The Fortnightly author confirms utilities are losing revenue to actions taken beyond their control, which is to say, on the customer side of the meter. For residences, the customer side of the meter is the breaker panel and wires running through the house. The same thing goes for businesses, except for some really large ones, which may have their own substation or transformer bank on their side of the meter.

Behind the meter activity, of course, includes self-generation with solar and in some cases, wind and combined heat and power. It also includes efficiency and nascent storage. Since the vast majority of customers pay their electric bills through energy purchases, their home, which uses 30% less energy than 20 years ago, doesn’t use enough to cover utility fixed costs. Utilities need to raise prices on energy consumption or increase their fixed charges of service.

Unsavory Choices

Raising energy prices hyper-drives customer-meter-side investments making the case worse – resulting in the ballyhooed death spiral. It’s like a pyramid scheme in reverse where the last few customers with chairs pay it all.

Raising fixed charges throws renewable energy advocates, and efficiency advocates for that matter, into a tizz. The right way to go in these situations is to switch to a demand rate, which is a far more equitable way to cover fixed charges while paying an appropriate, non-ballooning energy charge. The demand rate argument will be saved for another day.

Profit on Goods and Services

The Fortnightly author writes that new large energy users often seek to secure their own electricity provider. This would be much like the mega-casinos in Nevada chose to do. To do so requires unbundling of utility services, so only interconnection charges customers to use the grid for backup and marginal power needs.

The solution to shrinking rate base, distributed energy resources, and demand management, he writes, is to provide a reasonable markup on the cost of goods and services. The utility becomes an energy facilitator rather than only a builder of things to be capitalized for 30 or more years.

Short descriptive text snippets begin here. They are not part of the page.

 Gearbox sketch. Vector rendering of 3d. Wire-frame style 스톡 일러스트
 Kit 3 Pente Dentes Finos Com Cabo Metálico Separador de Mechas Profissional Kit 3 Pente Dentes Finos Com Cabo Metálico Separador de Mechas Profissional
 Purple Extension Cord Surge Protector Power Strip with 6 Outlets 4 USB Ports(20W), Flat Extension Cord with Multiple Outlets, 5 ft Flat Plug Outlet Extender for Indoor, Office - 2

It is nice to imagine such a world: utilities wouldn’t care if consumers wanted to build their own power generating resources. Excess power produced by those resources and absorbed by the grid would be served with a markup and sold to other customers. Similarly, demand management could be acquired and marked up whether it is dispatchable (demand response) or undispatchable (energy efficiency).

Leveling the Field

Perhaps this is a way to level the playing field with renewable power supplies. Consider how energy efficiency gets the shaft compared to renewable resources. Renewable supply-side resources still required half the cost of delivered energy, which is, the grid. Efficiency requires nothing. Efficiency displaces everything from the coal mine to the meter. To get a tax break for efficiency, you have to build a new building, and it has to consume 50% less than a code-compliant building – and for this four-minute-mile equivalent, you get a dime, which when I was a kid, you could buy a Sunrise strawberry soda in a returnable glass bottle[1].

 

T = Transmission

D = Distribution

G = Generation

O&M = Operations, maintenance, fuel

Still another alternative to the outdated cost-of-service model is to capitalize services such as demand management. Rather than providing zero incentive for utilities to do efficiency, services provided to displace supply-side resources can be rolled into the rate base. Illinois is one example where utilities are allowed to do this.

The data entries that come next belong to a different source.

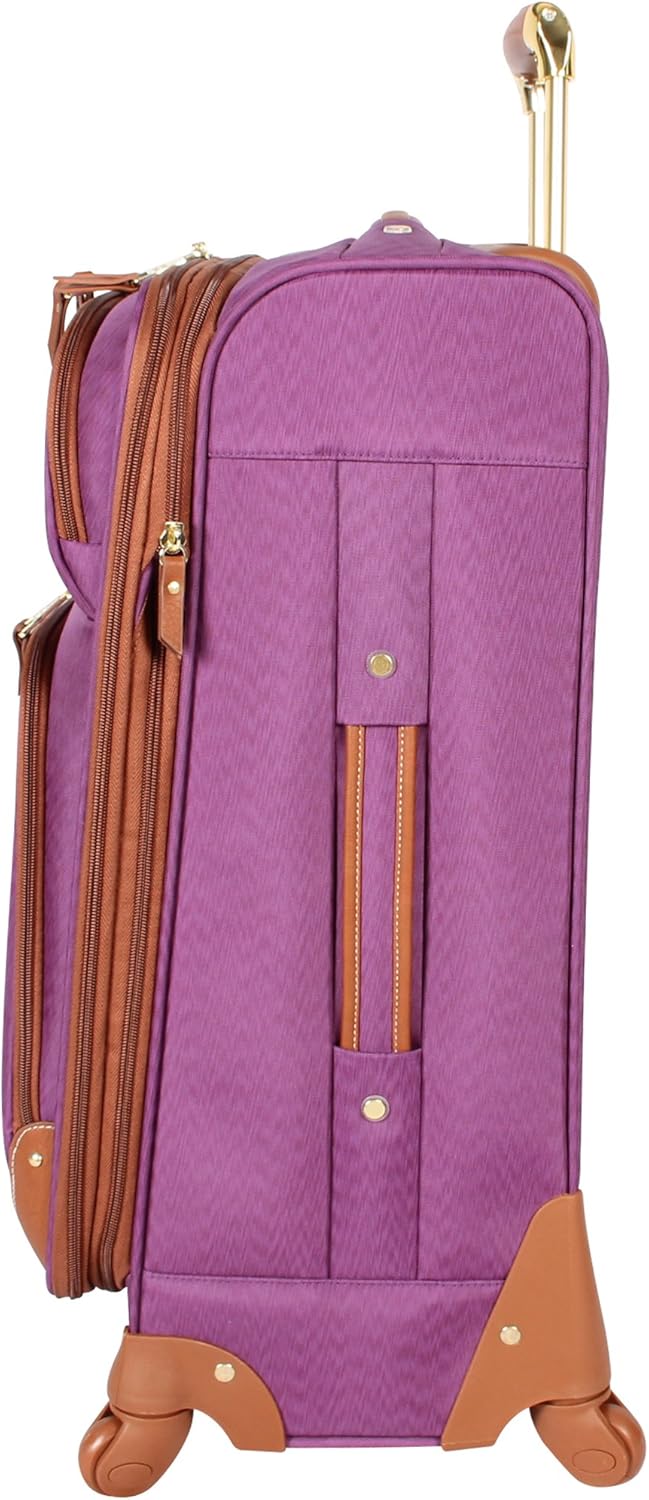 Steve Madden Designer Luggage Collection - Expandable 24 Inch Softside Bag - Durable Mid-sized Lightweight Checked Suitcase with 4-Rolling Spinner Wheels, Purple, 3 light 24" - Image 2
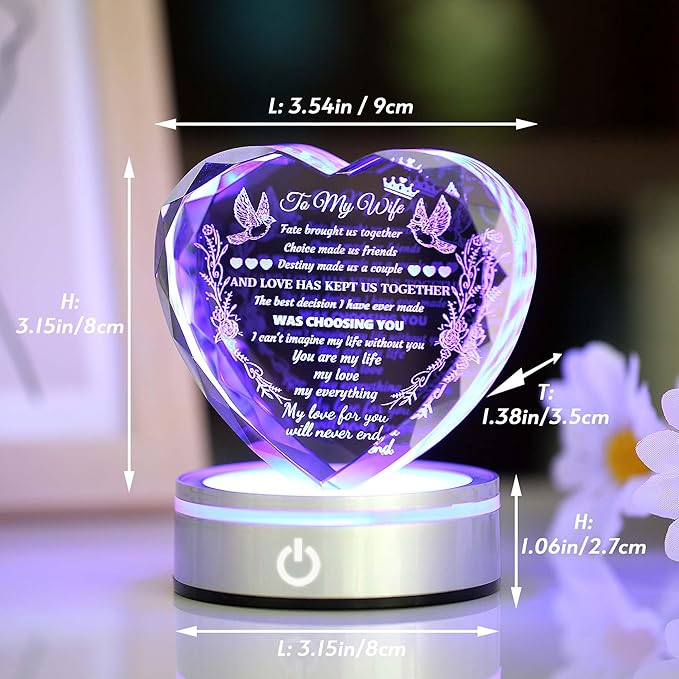 Gifts for Wife Crystal with Colorful LED Base, Anniversary Birthday Gifts for Women, I Love You Gifts for Her Wife Birthday Gift Ideas, Crystal Keepsakes Romantic Gifts for Valentine's Day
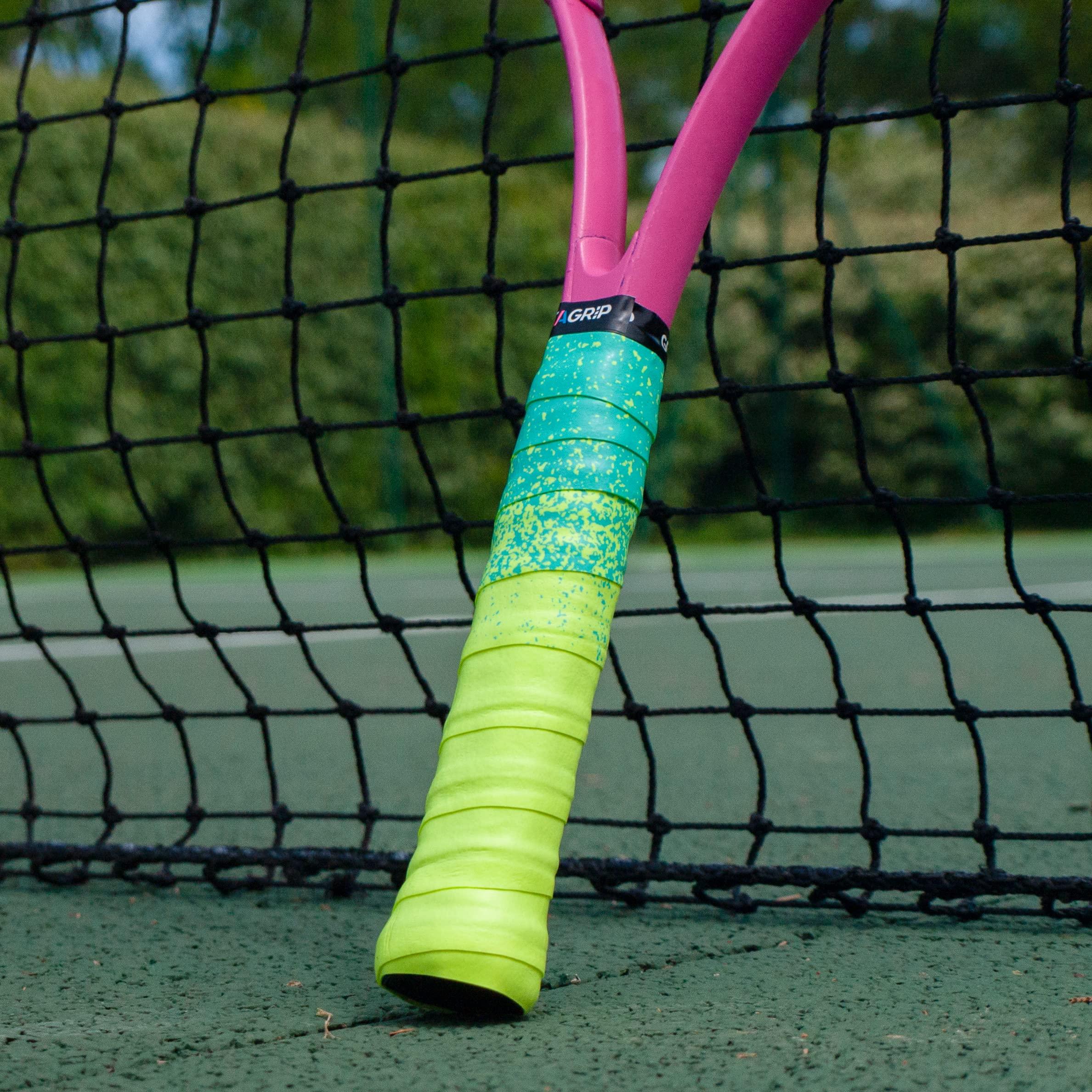 Get A Grip Get A Grip - Custom Tennis Racket Grip Tape - Anti-Slip/Quick-Drying Tennis Overgrips - Precut Badminton Racket Grip with Finishing Tape (Find Your Flair Pack, 3 Grips (15% Discount))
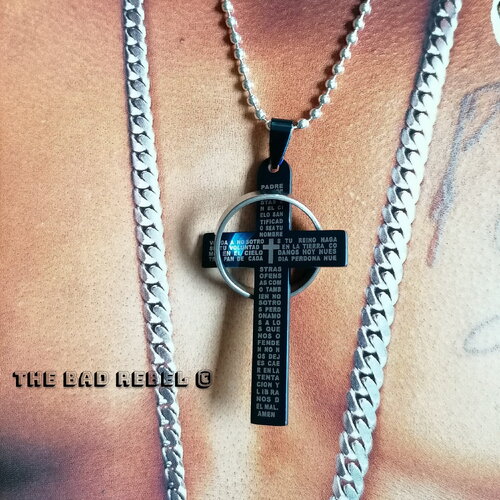 Original collier homme !! cross ring !! chain a billes boules argente long 50cm pendant 6cmx 3cm the bad rebel collection boho chic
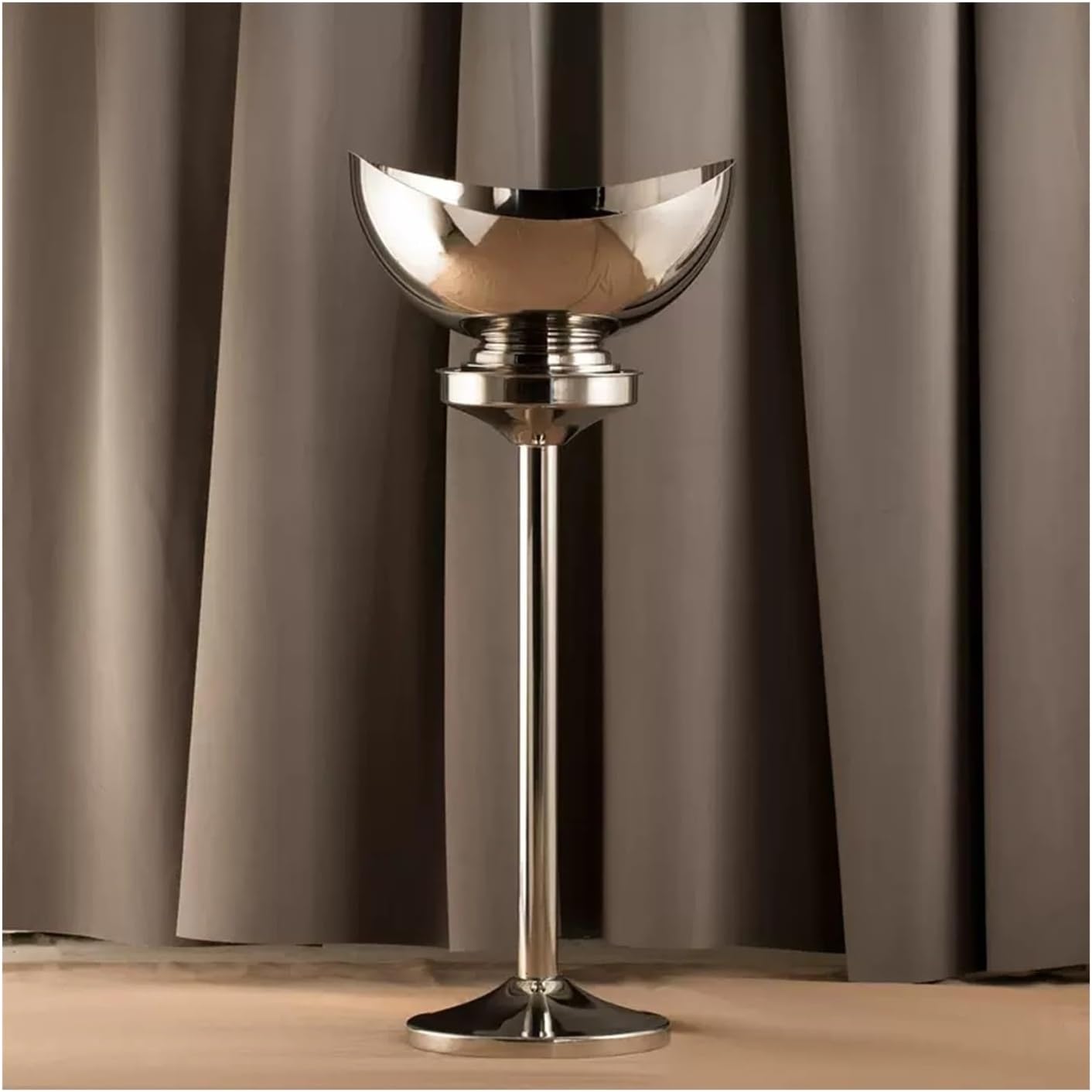 Portable Polished Stainless Steel Ice Bucket with Stand, Large Floor Standing Cooler for Beer, Wine Chiller, Outdoor or Indoor Use Party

Alternatives Will be Challenging

Unbundling utility services will pose a fair challenge for consumers and businesses, not unlike unbundling cable and internet. There are many alternatives to cable TV these days.

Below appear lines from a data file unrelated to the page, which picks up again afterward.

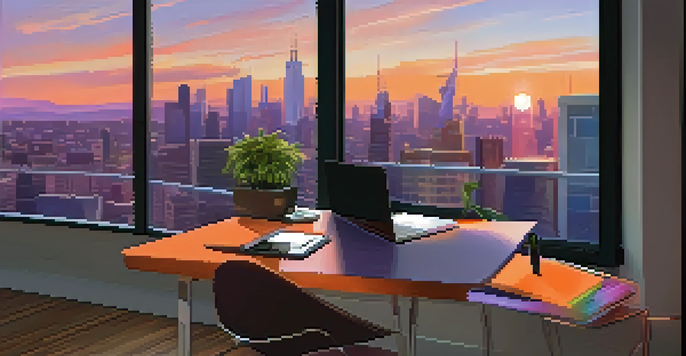 A modern workspace for a business traveler with a laptop, charger, headphones, planner, coffee cup, and a city skyline view at sunset.
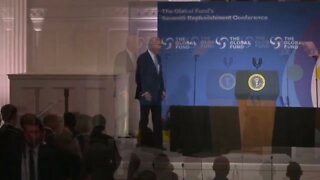 President Biden appears lost on stage following remarks at the Global Fund’s Seventh Replenishment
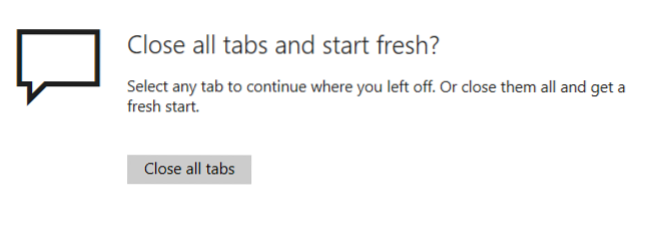 Microsoft Edge ferme tous les onglets et recommence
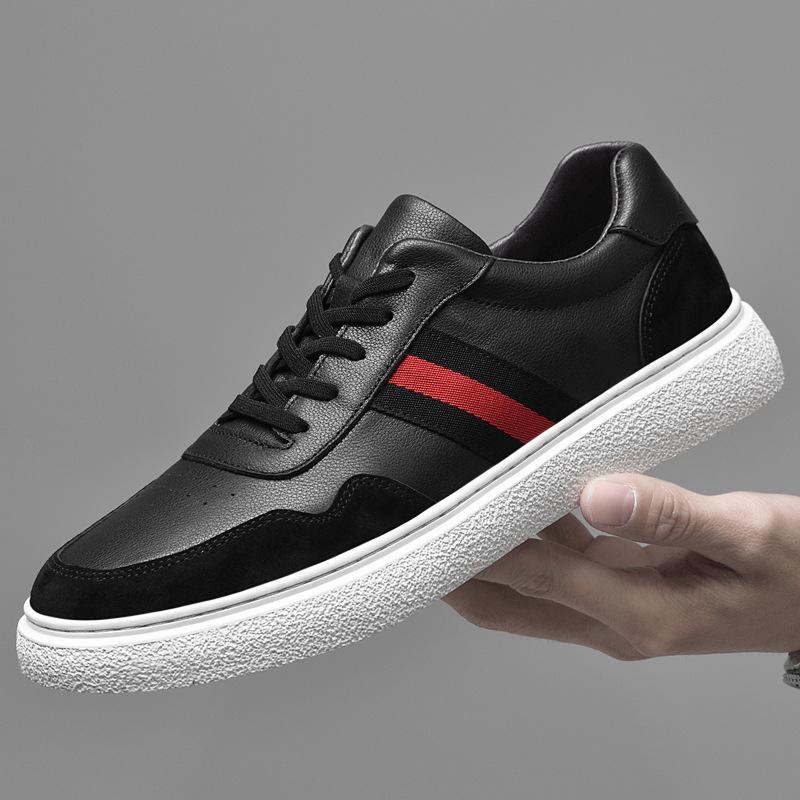 

Європейська станція Чоловічі бордові туфлі перший шар коров ячої шкіри Корейська версія універсальне модне взуття три смуги чоловіче повсякденне біле взуття спортивне шкіряне 45 чорний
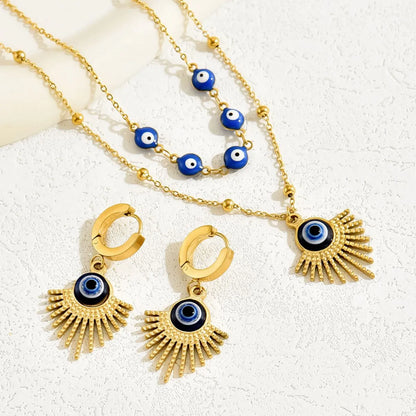 Stainless Steel Resin Necklace and Earrings Jewelry Set -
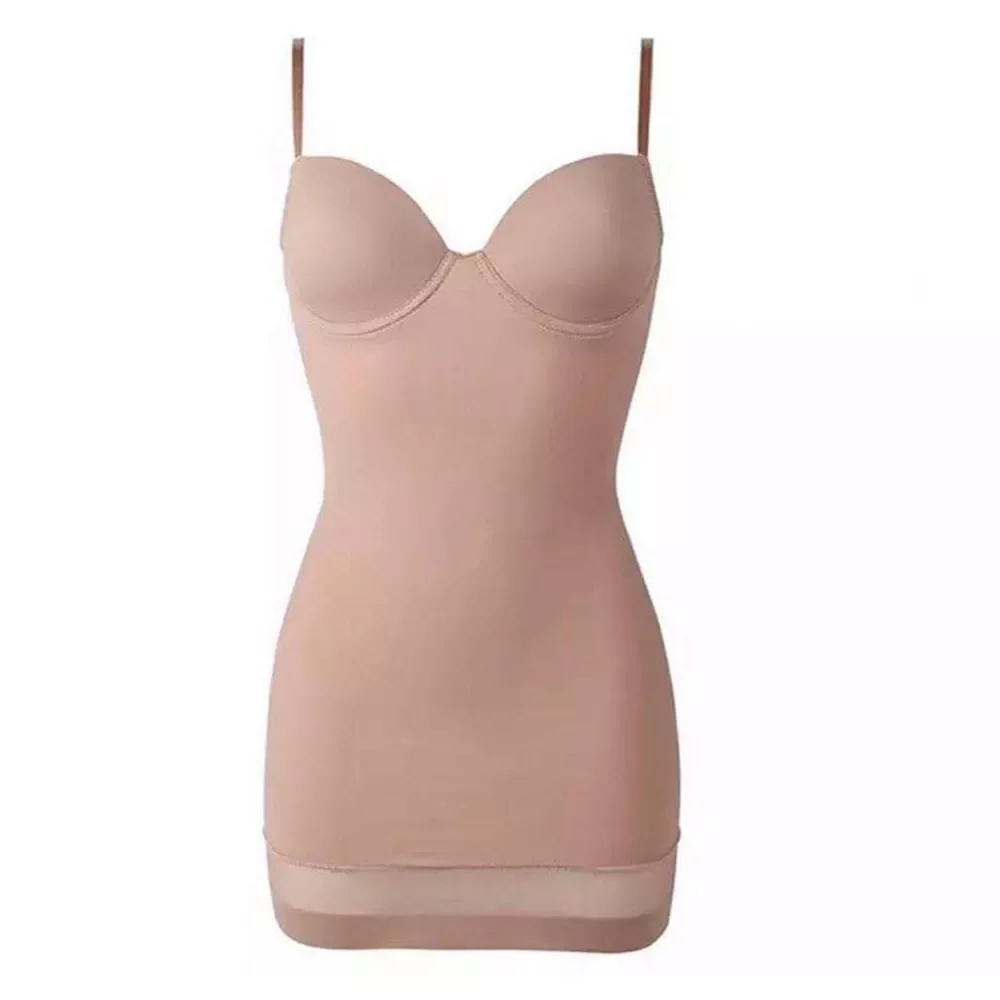 

Women's Nude Shapewear Body Sheath Mini Dress Abdomen Waist Belt Bra Even Sprained Underwear Sleeveless Body Refining Clothes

Cable companies provide TV and internet over the same wire. The incremental cost to add television programming to an internet connection is cost competitive with internet only and buying some other TV programming alternative. I choose to not mess with that, but I thank the millions of people who do because it lowers my programming costs through competition. Will this come to utilities anytime soon? Could be.

 

[1] Only slight facetiousness. The four-minute-mile was a long-time barrier in track and field.